Marmara Denizi'nde ekosistemi dengede tutan denizkestanelerinin
çoğaldığı tespit edildi. Bir kısmı veya tamamı su içinde yaşayan, suda serbest
yüzen ve çıplak gözle görülebilecek büyüklüğe sahip, yüksek yapılı su bitkileri
olan makrofitlerin artışını kontrol altında tutan denizkestaneleri, su altındaki
oksijen akışının dengesini de sağlıyor. İstanbul Üniversitesi tarafından
haziran ayında Marmara Denizi'nde gerçekleştirilen seferde denizkestanelerinin
çoğaldığı ortaya çıktı.
"Deniz Kestanelerinin Fazla Olması Alglerin Azalmasına Neden Olur”
İstanbul Üniversitesi Balıkçılık ve Su Ürünleri İşleme
Teknolojisi Bölümü, Balıkçılık Teknolojisi ve Yönetimi Anabilim Dalı Başkanı
Prof.Dr. Firdes Saadet Karakulak, denizkestanelerinin Marmara Denizi'ndeki
önemine değinerek, "Denizkestanesi özellikle bentik bölge dediğimiz deniz
dibinde yaşayan bir canlı. Daha çok alglerle beslenen diğer balıkların da
besinini oluşturan bir canlı. Bu canlılar aslında suyu süzerek beslenme eğilimi
gösterirler. Türkiye denizlerinde 20'ye yakın denizkestanesi türü var. Marmara
Denizi'nde 18 tane tür var. Her biri farklı özelliğe sahip. Ticareti yapılan
Paracentrotus lividus türü, oksijeni bol olan denizlerde daha çok bulunur. Onun
olduğu bölgeleri temiz bölge olarak isimlendirebiliriz. Ama İstanbul'da,
Brissopsis lyrifera türler ise; organik kirliliğin yoğun olduğu yerlerde aşırı
çoğalma eğilimi gösterir. Her bir tür, bize o deniz hakkında bilgiler
verebiliyor. İklim değişikliğinin etkisi de var, bununla birlikte denizlerde de
asitleşme söz konusu. Bu tüm deniz canlılarını etkilemekte. Mercanlar,
denizkestaneleri de bu durumdan etkileniyorlar. Dolayısıyla popülasyonlarında
bir azalma var. Özellikle Marmara Denizi hassas bir deniz, Müsilaj oluşumları
var. Müsilaj oluşumunda biliyorsunuz diğer deniz canlıların etkisi olabiliyor.
Biz bu alglerin aşırı çoğalmasını engellememiz için mutlaka denizkestanesinin
avcılığının Marmara Denizi'nde yapılmaması lazım. Denizkestanesinin az olması
alglerin aşırı çoğalmasına, denizkestanelerinin fazla olması alglerin
azalmasına neden olur. Bu dengenin sağlanması lazım. Denizkestanesi ile
beslenen balıklarda da aşırı avcılığın yapılmaması gerekiyor" dedi.
"Denizkestanesinde Aşırı Bir Artış Söz Konusu"
Prof.Dr. Firdes Saadet Karakulak, "Geçen ay Marmara
Denizi'nin seferini gerçekleştirdik, şu an ekosistemde bir canlılık var. Geçen
ay Marmara Denizi'nde Oksijeni seven denizkestanesinde (Paracentrotus lividus)

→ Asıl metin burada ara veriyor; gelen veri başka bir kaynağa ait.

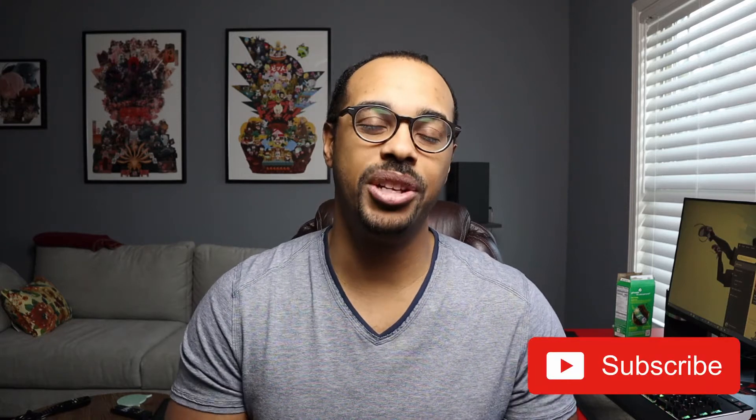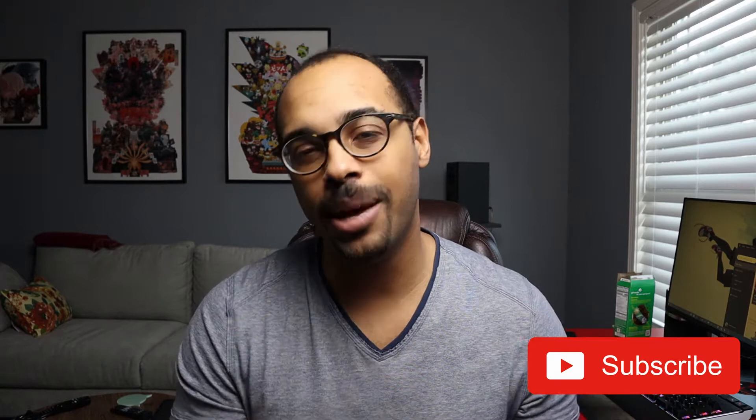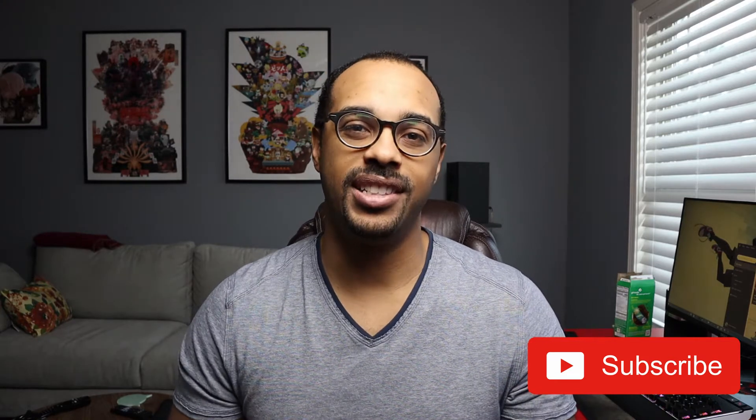Hey, what's going on YouTube? This is Will. Welcome to my channel where I discuss all things finance — credit card rewards as well as a little bit of personal finance. So if that's something you're interested in, be sure to smash that little red subscribe button down below for more videos like this in the future.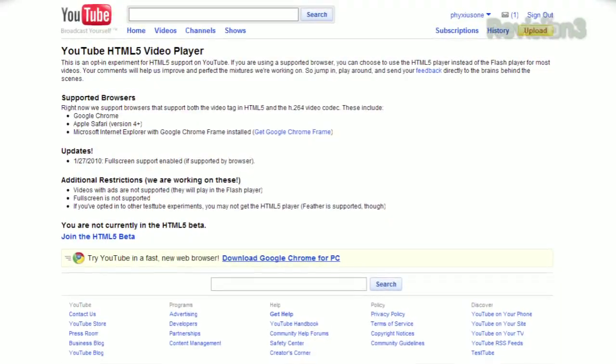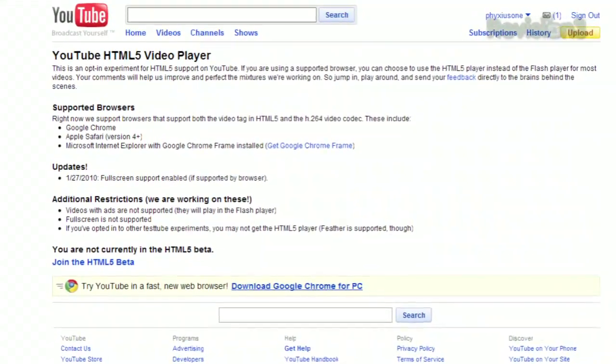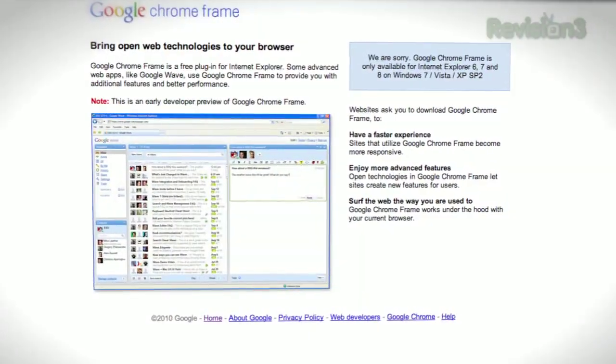This brings us to a couple of things you probably want to check out. First up, YouTube's HTML5 demo — that's what people are talking about as the flash replacement for flash video. Think YouTube using H.264 video instead of flash. It works on browsers that support the video tag in HTML5 and the H.264 codec, which means Google Chrome, Apple Safari, and Internet Explorer.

bir artış söz konusu. Diğer organik kirliliği seven denizkestanesinde de
(Brissopsis lyrifera) aşırı bir artış var. Bu durum biyoçeşitliliği değiştirebiliyor,
biyoçeşitliliği düşürdüğünü görmekteyiz. Balık türlerinde bir azalma söz
konusu. Her bir türün dengede olması lazım. Bu iyi bir durum değil" diye
konuştu.
"Bu Durum Müsilajı Tetikleyebilir"
Bandırma Onyedi Eylül Üniversitesi Denizcilik Fakültesi
Dekanı Prof. Dr. Mustafa Sarı ise, makrofitlerin aşırı çoğalması nedeniyle
denizde oksijensiz alanlar oluşabileceğini belirterek,
"Denizkestanelerinin sayısı azaldığı zaman makrofitler çoğalmış olurlar.
Bunların çoğalması o bölgedeki azotu, fosforu azaltır ama kıyısal anlamda
biyolojik çeşitliliğe bağlı olarak birtakım ekolojik olayların negatif etkiler
ortaya çıkmasına neden olur. Aşırı alg çoğalması o bölgede üretimden daha çok
oksijen tüketimine neden olacağı için ölü bölgelerin ortaya çıkmasına neden
olur. Bu durum müsilajı tetikleyebilir" şeklinde konuştu.